■ INSTRUCTIONS TO FOLLOW
Only the lines of the listing below that run from the line with "Purple Mini Tote" through the line with "Upper of Women's" are to be set down, word for word. Pictures stay out.

■ PROVIDED DATA
####################

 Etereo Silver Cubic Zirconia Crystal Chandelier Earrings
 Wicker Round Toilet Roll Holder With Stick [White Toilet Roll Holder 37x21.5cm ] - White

####################

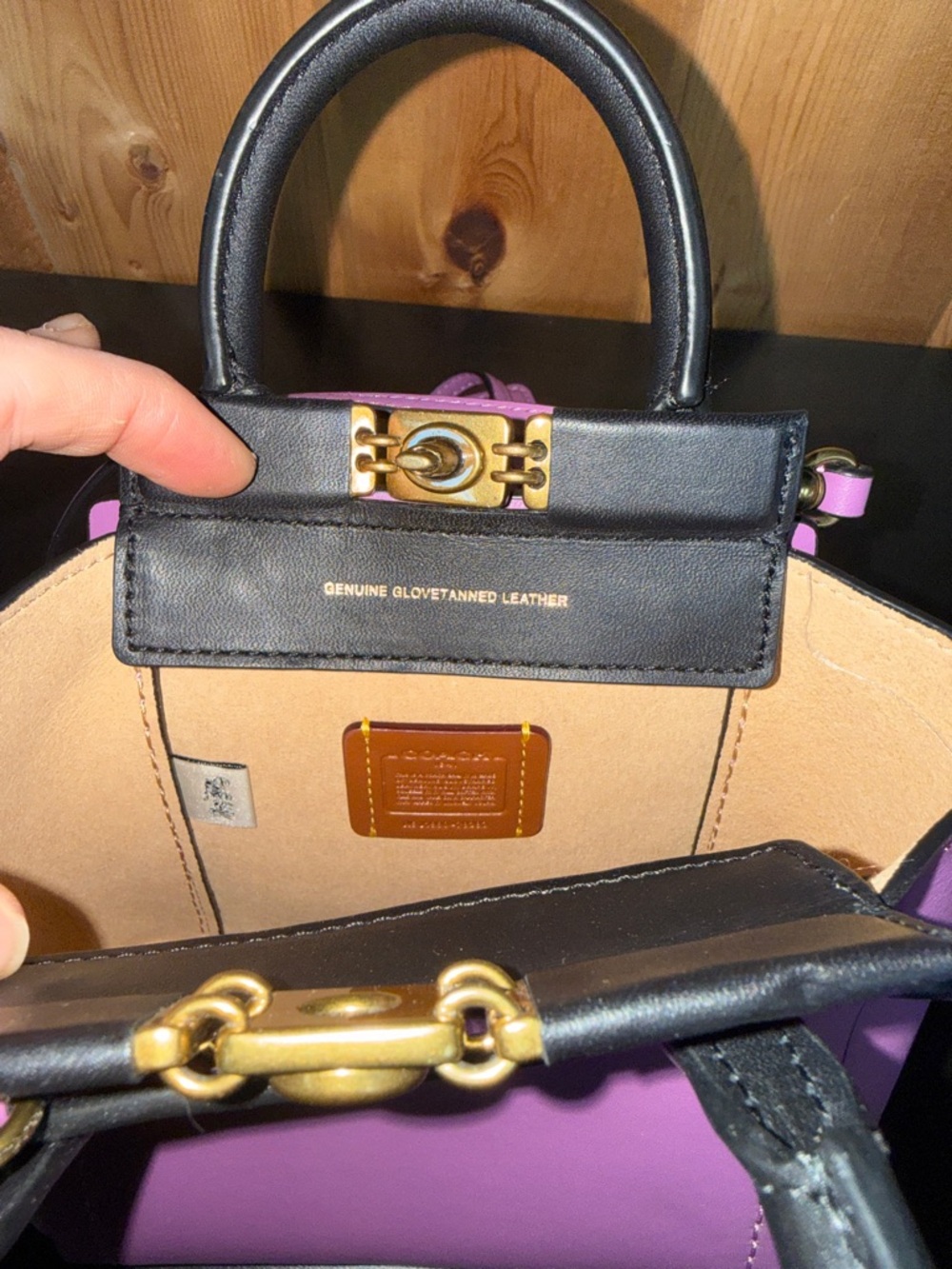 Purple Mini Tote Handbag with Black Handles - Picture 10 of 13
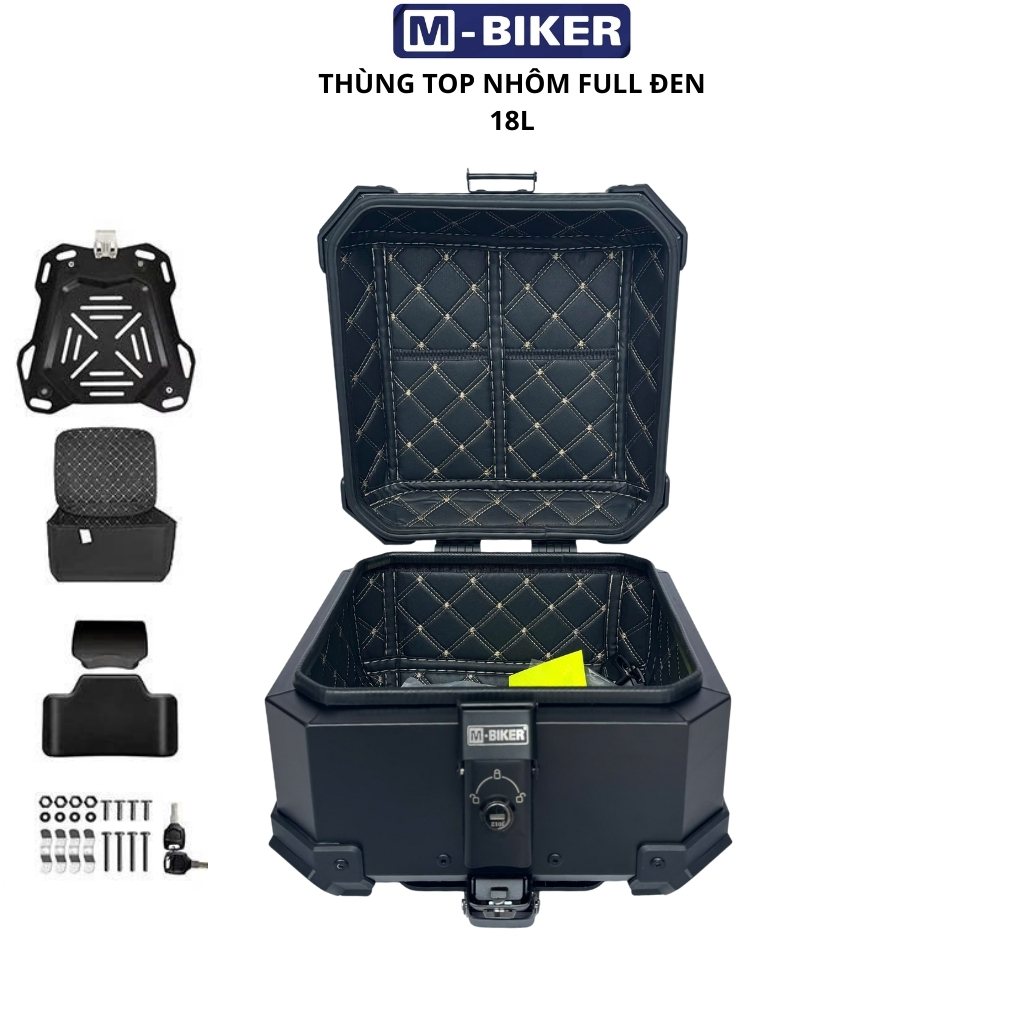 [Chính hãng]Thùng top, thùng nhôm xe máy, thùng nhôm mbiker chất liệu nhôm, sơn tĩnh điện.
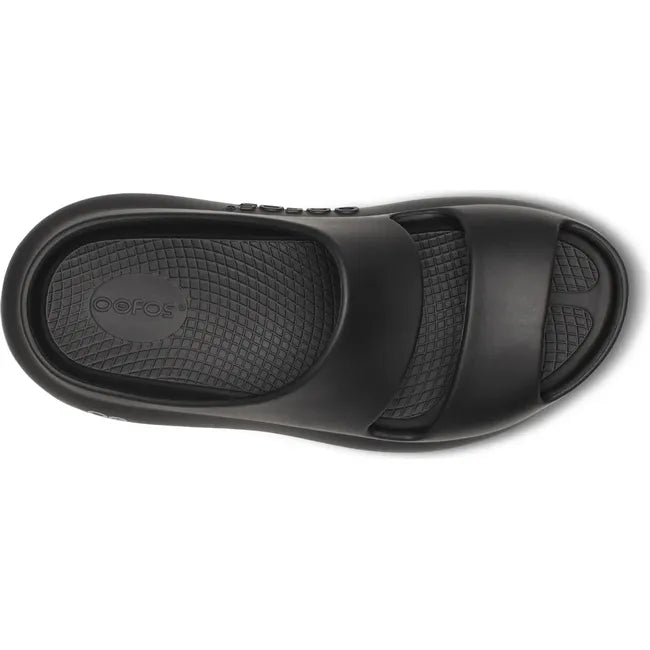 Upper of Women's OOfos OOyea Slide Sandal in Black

####################

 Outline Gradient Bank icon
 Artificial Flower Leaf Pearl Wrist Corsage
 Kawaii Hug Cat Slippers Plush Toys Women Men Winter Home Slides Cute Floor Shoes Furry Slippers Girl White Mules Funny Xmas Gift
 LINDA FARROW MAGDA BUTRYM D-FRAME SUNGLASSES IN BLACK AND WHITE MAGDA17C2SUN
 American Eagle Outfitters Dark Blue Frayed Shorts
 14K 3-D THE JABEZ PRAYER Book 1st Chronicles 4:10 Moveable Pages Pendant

####################

■ TASK ANSWER
 Purple Mini Tote Handbag with Black Handles - Picture 10 of 13
 [Chính hãng]Thùng top, thùng nhôm xe máy, thùng nhôm mbiker chất liệu nhôm, sơn tĩnh điện.
 Upper of Women's OOfos OOyea Slide Sandal in Black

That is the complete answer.